Was ist ein Sozialfall in der heutigen Zeit? Wer sind die Adressaten und
Adressatinnen der Sozialen Arbeit? Wie wird ein Mensch ein Sozialfall? Im
folgenden Artikel werden verschiedene, aktuelle Gegenstandstheorien von
Theoretikerinnen und Theoretikern der Sozialen Arbeit aufgezeigt und
verglichen.
In der Medienlandschaft Schweiz wurde in letzter Zeit viel über die Sozialhilfe und vor allem
Sozialhilfebetrügerinnen und Sozialhilfebetrügern berichtet. Immer wieder hört man das Wort
„Sozialfall“. Aber was ist eigentlich ein Sozialfall? Nach Duden ist ein Sozialfall eine Person, welche
auf Sozialhilfe angewiesen ist. (Gefunden am 04.Juni 2011 http://www.duden.de) Dabei ist ein
Individuum gemeint, welches nicht mehr ein selbständiges Leben führen kann und deswegen
Unterstützung (nicht nur wirtschaftliche) des Staates benötigt. Früher war der Gegenstand der
Sozialen Arbeit meist das Bekämpfen der absoluten Armut. Aber mit dem heutigen fortgeschrittenen
Sozialstaat und dem vorherrschenden Wohlstand, ist der Gegenstand sehr viel komplexer
geworden .Da die absolute Armut in der westlichen Welt nicht mehr vorhanden ist, wird vor allem die
relative Armut bekämpft.
In diesem Artikel geht es um die Fragen, wie ein Sozialfall von den Theoretiker und Theoretikerinnen
der Sozialen Arbeit beschrieben wird und weshalb ein Mensch zu einem Sozialfall werden kann. Nach
einem kurzen Blick in die Vergangenheit, wird die Gegenstandstheorie von Lutz Rössner erläutert. Die
noch offenen Fragen, werden schliesslich mit Hilfe der Theorie von Silvia Staub-Bernasconi
beantwortet.
Vergangenheit
Die Gegenstandstheorie der Sozialen Arbeit ist in stetigem Wandel. Mit der Entwicklung der
Gesellschaft entwickelt sich auch der Gegenstand der Sozialen Arbeit. In der Geburtsstunde der
Sozialen Arbeit war der Gegenstand meist Menschen in lebensbedrohlichen Situationen, wie
Hungerleidende oder Kranke (Silvia Staub-Bernasconi, 2007, S.136-137). Heute ist dies viel
komplexer geworden.
Anders als die Anderen
Rössner bezeichnet die Soziale Arbeit als spezifizierte Erziehungswissenschaft (Werner Thole, 1998,
S.337). Dies zeigt sich auch in seiner Gegenstandstheorie. Zuerst müssen allerdings einige Begriffe
erklärt werden, um zu beantworten, was ein Sozialfall nach der Theorie von Lutz Rössner ist.

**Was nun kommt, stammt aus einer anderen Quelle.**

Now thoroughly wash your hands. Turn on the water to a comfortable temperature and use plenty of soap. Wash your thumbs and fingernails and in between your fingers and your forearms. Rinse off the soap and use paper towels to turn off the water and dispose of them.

Nach Rössner (1973) ist die Gesellschaft eine Vielzahl von sozialen Gruppen, welche jede einzeln
eine Verhaltensnorm haben. Die übergeordnete Verhaltensnorm, welche von allen sozialen Gruppen
eingehalten wird, bezeichnet Rössner als Normenpluralität. Eine soziale Gruppe gehört zur
Gesellschaft, sofern sie von den anderen Gruppen toleriert wird (S.80). Die Einzelperson einer
solchen sozialen Gruppe verhält sich sozialisiert, wenn die Verhaltensnormen der Gruppe eingehalten
werden. Allerdings hat nicht jedes Mitglied einer sozialen Gruppe die gleichen Normvorstellungen.

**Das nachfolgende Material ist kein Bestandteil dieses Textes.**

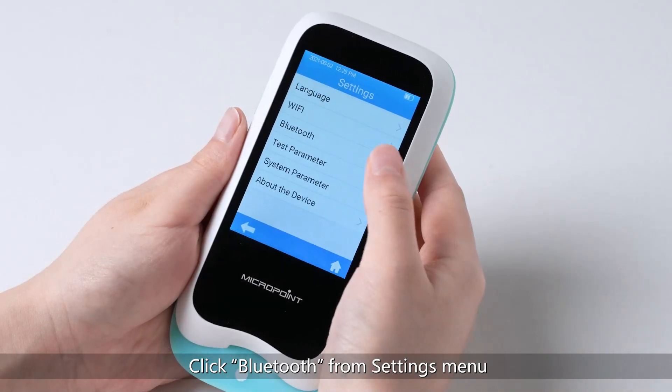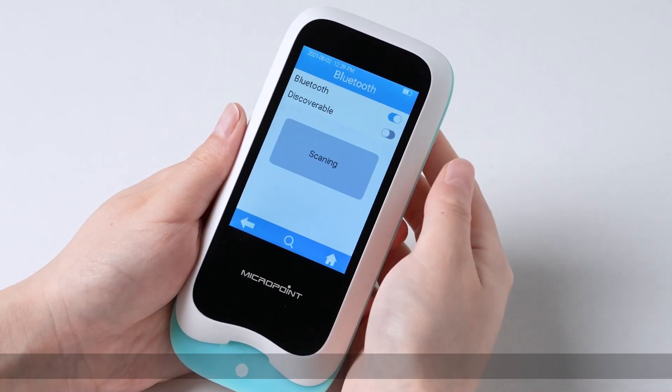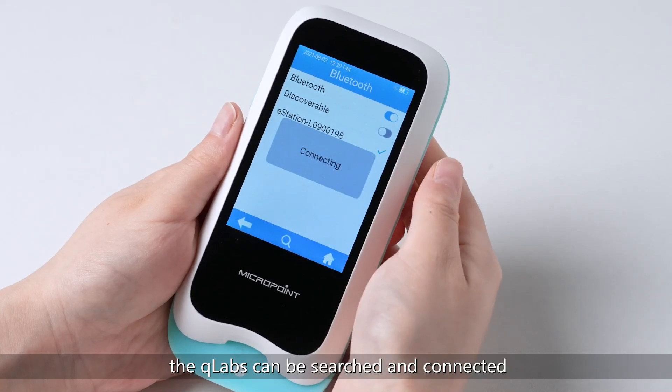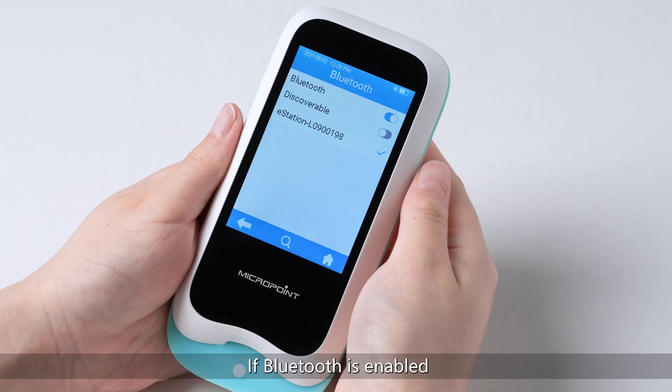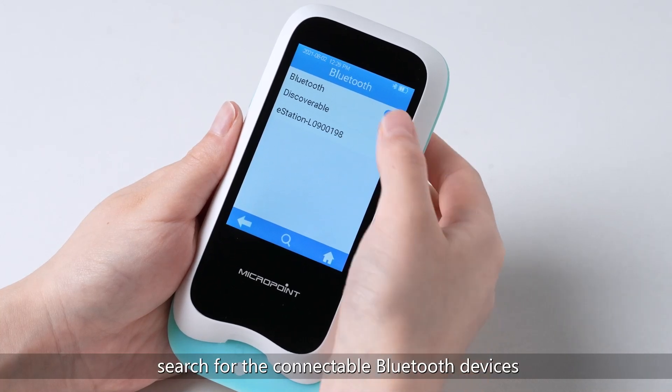Click Bluetooth from the Settings menu. Click the Bluetooth button to turn on or off. When both the Bluetooth and Discoverable buttons are turned on, the Q-Labs can be searched and connected by other Bluetooth devices. If Bluetooth is enabled and Discoverable is off, click one device from the list. When the Q-Labs shows Check, connection is completed. Click the Search button to manually search for connectable Bluetooth devices.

Denn nach Rössner (1973) scheitert die vollständige Symmetrie der Normen einer sozialen Gruppe,
da nicht jede Person in allen Punkten der Meinung der Gruppe ist. (S.85) „Es gibt nur asymmetrisch
sozialisierte Menschen“ (Rössner, 1973, S.87).

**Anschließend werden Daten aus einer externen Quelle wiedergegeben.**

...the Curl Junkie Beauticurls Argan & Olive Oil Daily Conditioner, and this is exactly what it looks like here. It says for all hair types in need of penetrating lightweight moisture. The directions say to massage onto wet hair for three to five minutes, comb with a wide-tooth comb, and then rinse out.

Falls ein Mensch in einem Punkt eine andere Norm hat, als die soziale Gruppe, gilt er deswegen aber
noch nicht als Gefährdeter der Dissozialisation. Denn eine soziale Gruppe akzeptiert ein gewisses
Grad an Abweichung von der Norm. Erst wenn diese Asymmetrie-Toleranz-Grenze überschritten wird,
gilt diese Person als gefährdet (Rössner, 1973, S.89). Aber auch hier wird ein solches Verhalten erst
zum Problem falls es mehrmals auftritt. Ein dissozialisiertes Verhalten von sonst gut sozialisierten
Menschen wird von der Gesellschaft ertragen, toleriert (Rössner, 1973, S. 91). Zum Beispiel wird es
toleriert wenn ein guter Schüler, welcher seine Hausaufgaben stets gewissenhaft erledigt, seine
Hausaufgaben einige Male nicht macht. Erst wenn der Schüler die Aufgaben regelmässig nicht
erledigt, gilt dieses Verhalten als dissozialisiert und er gilt als Gefährdeter. Nach Rössner (1973) ist
ein Gefährdeter ein Individuum, welches von einer diagnostizierenden Instanz als nicht „normal“ und
daher abweichend von der Normenpluralität bezeichnet wird (S.125). Gefährdet ist eine solche Person
von der Dissozialisation. Dissozialiation bedeutet gemäss Rössner (1973), dass bei einem Menschen
die Sozialisation, also das Lernen der Werte und Normen in einer Gesellschaft, fehlgeschlagen ist. Bei
Gefährdeten sieht Rössner Handlungsbedarf für die Soziale Arbeit und bezeichnet sie als Gegenstand.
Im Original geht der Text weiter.